Categorize the compute nodes for ALL vCenters by their model number

In [None]:
import matplotlib.pyplot as plt
import matplotlib.cm as cm
import matplotlib.colors as mcolors

# Group all hosts by model
all_host_model_pivot_df = consolidated_vhost_df.pivot_table(index=['Vendor', 'Model'], values='Host', aggfunc='count')
display(all_host_model_pivot_df)

# Bar chart for all host models
plt.figure(figsize=(12, 8))  # Make it wider to avoid label overlap

# Generate a colormap with enough distinct colors
norm = mcolors.Normalize(vmin=0, vmax=len(all_host_model_pivot_df)-1)
colors = cm.viridis(norm(range(len(all_host_model_pivot_df))))

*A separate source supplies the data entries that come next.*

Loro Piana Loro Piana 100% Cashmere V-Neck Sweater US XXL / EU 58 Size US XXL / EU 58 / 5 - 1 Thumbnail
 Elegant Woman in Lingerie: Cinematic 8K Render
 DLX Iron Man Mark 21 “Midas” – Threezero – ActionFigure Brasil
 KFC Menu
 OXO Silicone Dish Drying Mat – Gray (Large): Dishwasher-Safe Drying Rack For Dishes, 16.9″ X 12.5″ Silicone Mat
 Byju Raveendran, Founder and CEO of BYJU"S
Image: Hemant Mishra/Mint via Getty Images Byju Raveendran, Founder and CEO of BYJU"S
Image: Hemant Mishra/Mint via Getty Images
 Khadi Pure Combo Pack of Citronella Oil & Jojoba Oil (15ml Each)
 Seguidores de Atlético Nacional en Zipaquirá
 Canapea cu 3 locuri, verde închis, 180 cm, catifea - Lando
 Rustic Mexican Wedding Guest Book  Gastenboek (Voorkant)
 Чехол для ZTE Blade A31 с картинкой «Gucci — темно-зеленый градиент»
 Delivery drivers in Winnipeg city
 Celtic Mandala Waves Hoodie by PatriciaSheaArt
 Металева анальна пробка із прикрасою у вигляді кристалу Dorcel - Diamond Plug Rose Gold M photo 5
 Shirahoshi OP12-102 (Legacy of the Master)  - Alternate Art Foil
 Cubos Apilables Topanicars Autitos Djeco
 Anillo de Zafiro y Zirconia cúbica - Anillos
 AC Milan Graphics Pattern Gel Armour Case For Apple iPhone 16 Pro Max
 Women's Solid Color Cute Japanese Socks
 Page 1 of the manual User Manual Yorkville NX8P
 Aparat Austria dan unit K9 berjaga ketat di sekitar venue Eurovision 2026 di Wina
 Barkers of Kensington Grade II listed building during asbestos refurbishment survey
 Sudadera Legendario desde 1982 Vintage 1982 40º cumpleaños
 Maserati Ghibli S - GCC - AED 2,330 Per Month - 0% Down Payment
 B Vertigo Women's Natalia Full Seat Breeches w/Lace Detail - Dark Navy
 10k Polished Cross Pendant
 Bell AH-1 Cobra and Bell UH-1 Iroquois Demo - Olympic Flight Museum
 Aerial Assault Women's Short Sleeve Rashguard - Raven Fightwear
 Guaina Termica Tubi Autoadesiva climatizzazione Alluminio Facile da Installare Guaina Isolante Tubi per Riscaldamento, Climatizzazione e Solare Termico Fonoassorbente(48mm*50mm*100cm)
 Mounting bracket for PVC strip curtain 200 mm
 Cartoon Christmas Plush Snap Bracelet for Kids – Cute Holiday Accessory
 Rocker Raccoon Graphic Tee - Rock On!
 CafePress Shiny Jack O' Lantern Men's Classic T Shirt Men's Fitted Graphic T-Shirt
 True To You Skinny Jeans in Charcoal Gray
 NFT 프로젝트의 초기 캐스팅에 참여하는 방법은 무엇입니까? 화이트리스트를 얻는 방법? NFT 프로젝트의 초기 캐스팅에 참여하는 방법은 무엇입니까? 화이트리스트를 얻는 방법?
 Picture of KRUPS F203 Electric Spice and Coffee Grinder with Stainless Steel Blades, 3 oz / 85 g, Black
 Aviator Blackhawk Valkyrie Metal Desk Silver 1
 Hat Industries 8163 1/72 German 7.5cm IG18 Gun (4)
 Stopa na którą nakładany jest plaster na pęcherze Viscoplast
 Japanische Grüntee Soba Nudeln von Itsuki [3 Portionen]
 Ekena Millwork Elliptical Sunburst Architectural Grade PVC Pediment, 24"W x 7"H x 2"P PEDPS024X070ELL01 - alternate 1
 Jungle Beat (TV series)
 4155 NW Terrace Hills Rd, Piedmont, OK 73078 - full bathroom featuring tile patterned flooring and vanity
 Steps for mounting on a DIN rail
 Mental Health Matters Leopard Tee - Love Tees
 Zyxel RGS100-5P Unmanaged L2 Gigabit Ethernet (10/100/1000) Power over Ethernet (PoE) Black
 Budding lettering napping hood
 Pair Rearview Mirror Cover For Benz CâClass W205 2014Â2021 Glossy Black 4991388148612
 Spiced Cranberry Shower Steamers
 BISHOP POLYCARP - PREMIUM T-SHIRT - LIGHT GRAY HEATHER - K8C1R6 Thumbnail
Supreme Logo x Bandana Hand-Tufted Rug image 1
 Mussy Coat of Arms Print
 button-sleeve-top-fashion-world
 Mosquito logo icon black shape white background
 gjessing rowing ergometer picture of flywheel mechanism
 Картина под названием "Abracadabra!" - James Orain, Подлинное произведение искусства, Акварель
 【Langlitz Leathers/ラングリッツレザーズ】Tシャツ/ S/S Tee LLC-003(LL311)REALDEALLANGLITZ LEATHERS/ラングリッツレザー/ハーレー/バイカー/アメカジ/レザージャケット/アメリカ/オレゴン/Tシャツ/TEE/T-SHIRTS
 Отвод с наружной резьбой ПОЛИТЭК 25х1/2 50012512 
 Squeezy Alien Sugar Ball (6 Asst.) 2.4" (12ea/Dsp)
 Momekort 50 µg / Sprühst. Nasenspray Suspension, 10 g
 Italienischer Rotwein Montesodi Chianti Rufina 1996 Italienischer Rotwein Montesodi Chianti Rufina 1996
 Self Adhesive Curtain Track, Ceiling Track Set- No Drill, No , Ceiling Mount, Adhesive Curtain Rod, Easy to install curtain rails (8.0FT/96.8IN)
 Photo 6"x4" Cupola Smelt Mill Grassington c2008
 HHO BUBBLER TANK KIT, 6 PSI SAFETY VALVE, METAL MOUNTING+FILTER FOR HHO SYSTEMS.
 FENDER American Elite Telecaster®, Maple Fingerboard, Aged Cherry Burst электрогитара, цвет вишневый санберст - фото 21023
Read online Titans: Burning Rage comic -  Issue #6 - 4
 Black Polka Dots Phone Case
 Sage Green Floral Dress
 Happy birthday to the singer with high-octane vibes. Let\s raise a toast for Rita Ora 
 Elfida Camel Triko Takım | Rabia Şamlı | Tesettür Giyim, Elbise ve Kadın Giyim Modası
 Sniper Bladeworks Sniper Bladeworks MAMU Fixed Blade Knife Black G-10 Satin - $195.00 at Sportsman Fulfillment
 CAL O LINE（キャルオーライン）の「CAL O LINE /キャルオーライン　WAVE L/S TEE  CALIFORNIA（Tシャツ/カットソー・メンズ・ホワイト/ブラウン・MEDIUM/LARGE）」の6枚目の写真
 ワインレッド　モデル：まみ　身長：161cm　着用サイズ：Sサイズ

# Create a bar chart with automatic colors
bar_plot = all_host_model_pivot_df['Host'].plot(kind='bar', color=colors, edgecolor='black', figsize=(12, 8))

# Add title and labels
plt.title('Host Node Compute Models', fontsize=12)
plt.xlabel('Host Model', fontsize=10)
plt.ylabel('Host Count', fontsize=10)

# Improve x-tick readability by rotating the labels
plt.xticks(rotation=90, ha='right', fontsize=8)

# Show the bar chart
plt.tight_layout()  # Adjust layout to prevent overlapping labels
plt.show()

### 7- Categorize Host Compute Nodes by vCenter

Categorize compute nodes by their model number for each vCenter separately.

In [None]:
import matplotlib.pyplot as plt
import numpy as np

# Group all the hosts by their model and vCenter
all_host_model_vcenter_pivot_df = consolidated_vhost_df.pivot_table(
    index=['vCenter', 'Vendor', 'Model'],
    values=['Host'],
    aggfunc={'Host': 'count'},
    observed=False,
    margins=False,
    sort=True
)

print(f'Distribution of ALL host models by vCenter:\n')
print(all_host_model_vcenter_pivot_df)
all_host_model_vcenter_pivot_df.to_clipboard(excel=True)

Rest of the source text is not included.